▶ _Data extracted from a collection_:
+--

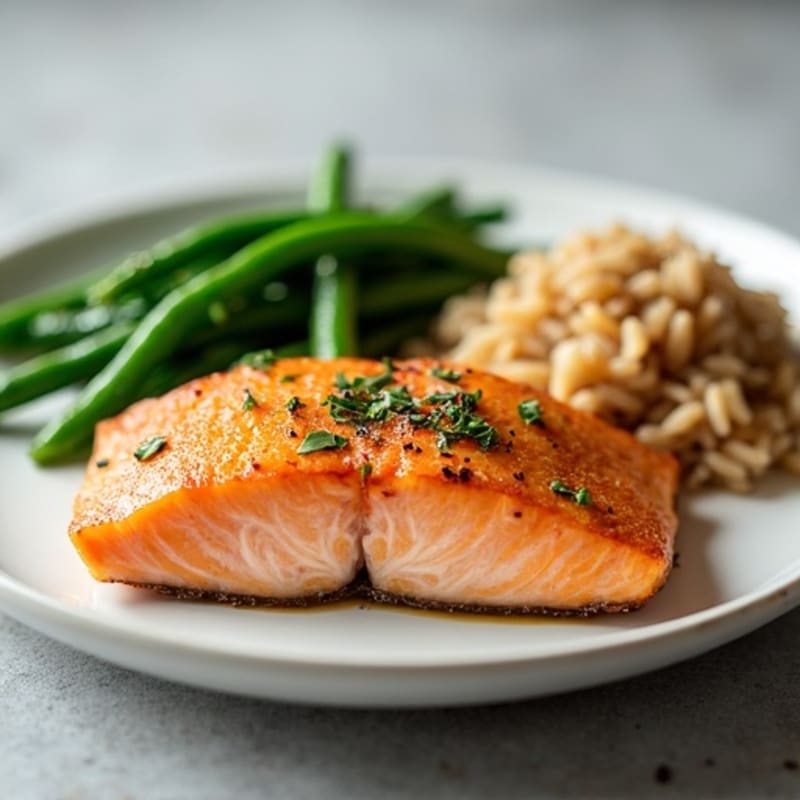 Seared Salmon Fillet with Steamed Green Beans and Brown Rice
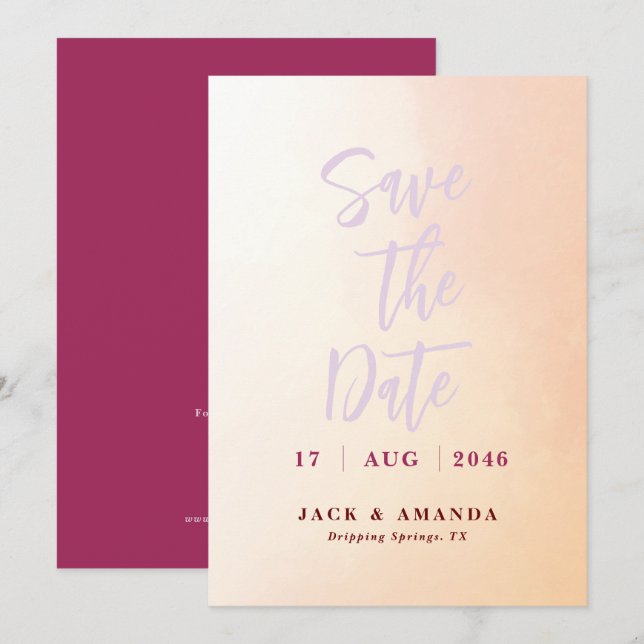 Invitation Mariage époustouflant d'aquarelle romantique Enreg (Devant / Derrière)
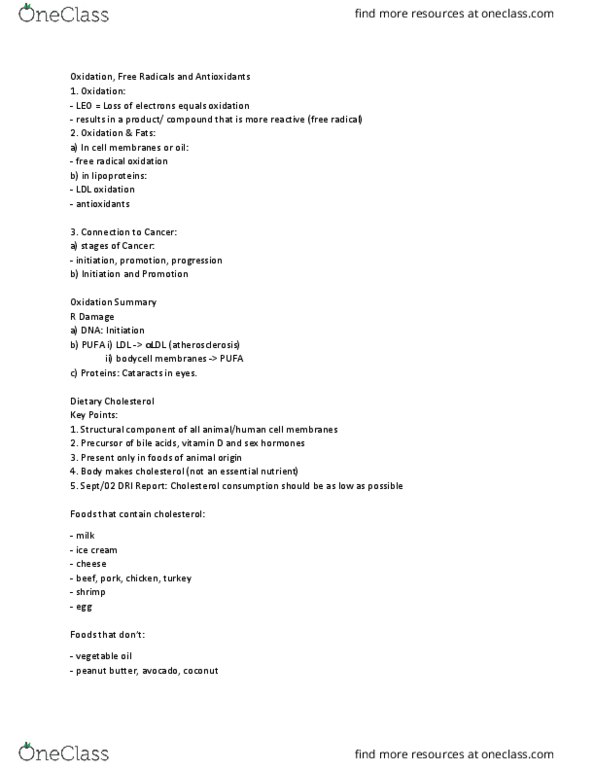 NUTR 120 Lecture Notes - Lecture 8: Peanut Butter, Cream Cheese, Bleeding Time thumbnail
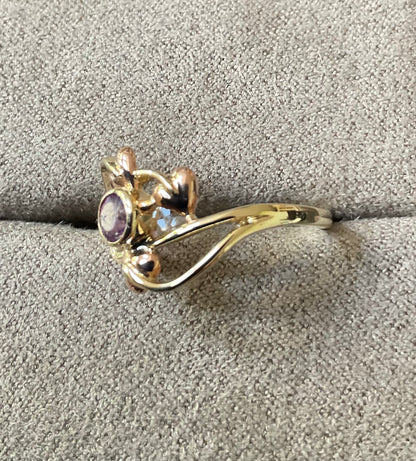 Clogau 9ct Amethyst Tree of Life Vine ring size M-M1/2 in yellow and rose gold
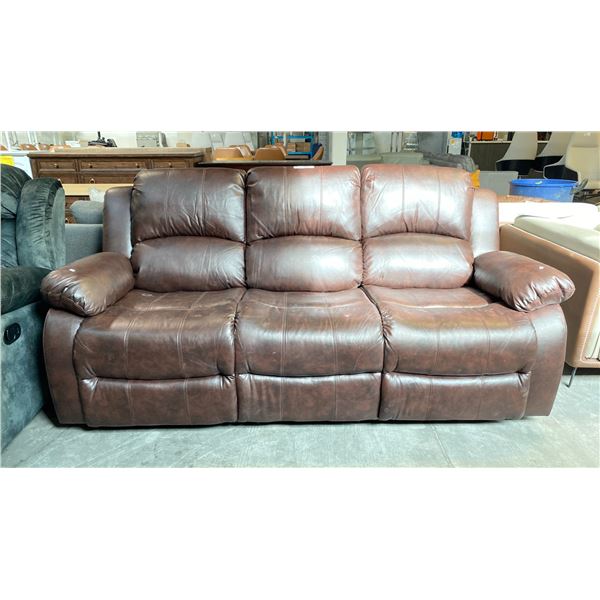 DARK BROWN LEATHER 3 SEAT RECLINER COUCH (82"W 34"D 38"H)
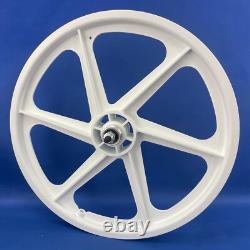 Skyway BMX 20 SIX SPOKE Tuff Wheels BLANCHES rétro NOUVEAU jeu de roues avec roulements scellés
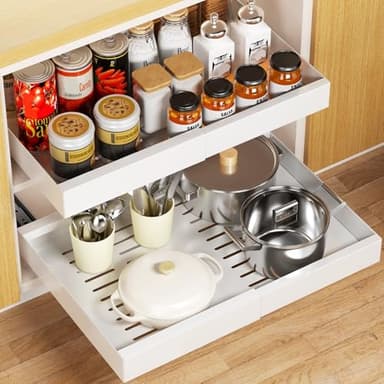 Delamu Pull Out Cabinet Organizer, 16" Deep Expandable (11.8"-19.7") Pull Out Drawers for Cabinets, Slide Out Drawers for Kitchen Cabinets, Bathroom Cabinet Organizer, Pantry, Under Sink Storage - Image 1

+--

▶ _WHAT YOU SHOULD DO_: Nothing but the exact text of the records should appear in your answer, with no pictures. Please write it out.

▶ _ANSWER SPACE_:
 Seared Salmon Fillet with Steamed Green Beans and Brown Rice
 Invitation Mariage époustouflant d'aquarelle romantique Enreg (Devant / Derrière)
 NUTR 120 Lecture Notes - Lecture 8: Peanut Butter, Cream Cheese, Bleeding Time thumbnail
 Clogau 9ct Amethyst Tree of Life Vine ring size M-M1/2 in yellow and rose gold
 DARK BROWN LEATHER 3 SEAT RECLINER COUCH (82"W 34"D 38"H)
 Skyway BMX 20 SIX SPOKE Tuff Wheels BLANCHES rétro NOUVEAU jeu de roues avec roulements scellés
 Delamu Pull Out Cabinet Organizer, 16" Deep Expandable (11.8"-19.7") Pull Out Drawers for Cabinets, Slide Out Drawers for Kitchen Cabinets, Bathroom Cabinet Organizer, Pantry, Under Sink Storage - Image 1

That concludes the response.